The purchase of even more militarized equipment is certain to be contentious given the discussion in Edmonton around police brutality and calls from activist groups like Black Lives Matter to defund the police. But the hidden nature of the purchase isn’t being received well, either.

“The big concern I have about this is the secrecy, and how hard you have to dig to find this information… why not just say you bought it and it’s arriving at such and such a date if the decision was made years ago?” said Tom Engel, chair of Alberta’s Criminal Trial Lawyers’ Association’s policing committee. 

“This kind of behaviour by the Edmonton Police Service does harm the reputation of EPS. It suggests that they can’t be trusted. It’s a foolish misrepresentation too, people are going to find out.” 


According to Micki Ruth, chair of the Edmonton Police Commission, the new vehicle will replace one of EPS’ two existing armoured vehicles. Those vehicles are the ‘Grizzly,’ an armoured personnel carrier acquired from the Department of National Defence in 2007, and the Ballistic Armoured Tactical Transport (or BATT), which the force purchased in 2013.

Image: EPS' existing BATT and Grizzly armoured vehicles
Pictured: EPS' BATT (left) and Grizzly (right) armoured vehicles

The BATT can transport a dozen police at once and has gun ports on cabin doors, side walls under horizontal windows and rear doors. The Grizzly was originally manufactured in 1978 and can carry as many as 10 officers. After its arrival in 2007, the Grizzly was refitted to remove a large machine-gun turret and repainted, at a cost of $35,000.

“If it was a new additional armoured vehicle I would probably have concerns but it’s a replacement. And I'm concerned as many people are about the militarization and use of such vehicles but the fact is armoured vehicles do have an important role,” said Ruth.

When asked why the public had no idea that the Edmonton police were acquiring another armoured vehicle, Ruth told Progress Alberta that “I don’t have a good answer… that’s something we should be reviewing.”

“A total lack of transparency”: BLM Edmonton

“It’s fundamentally unethical for the police to be getting a new tank without even providing the rationale for why they need a new tank. The fact that they don’t even have to justify it is a huge problem and then they didn’t even tell anyone anyway,” said Shima Robinson, a core team member with Black Lives Matter Edmonton.  
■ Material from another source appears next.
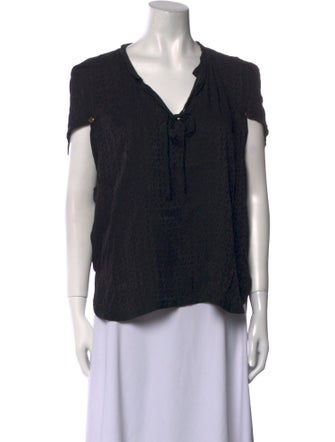 Louis Vuitton V-Neck Short Sleeve Top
Black Lives Matter Edmonton was at the forefront of a campaign this summer to divest a significant amount of the EPS budget and re-allocate that funding to community and social welfare programs. After receiving over 14,000 letters from concerned members of the public, and nearly two weeks of public hearings, Edmonton’s city council declined to significantly defund the department, committing to a budget reduction of only $11 million. The EPS budget for 2020 is just over $373 million.

“What we have here is a major case for defunding the police. Just a total lack of transparency about how the police are spending their money – our money. The $500,000 spent on this tank could have gone to housing the homeless, free transit, or increased funding to the Crisis Diversion Team.”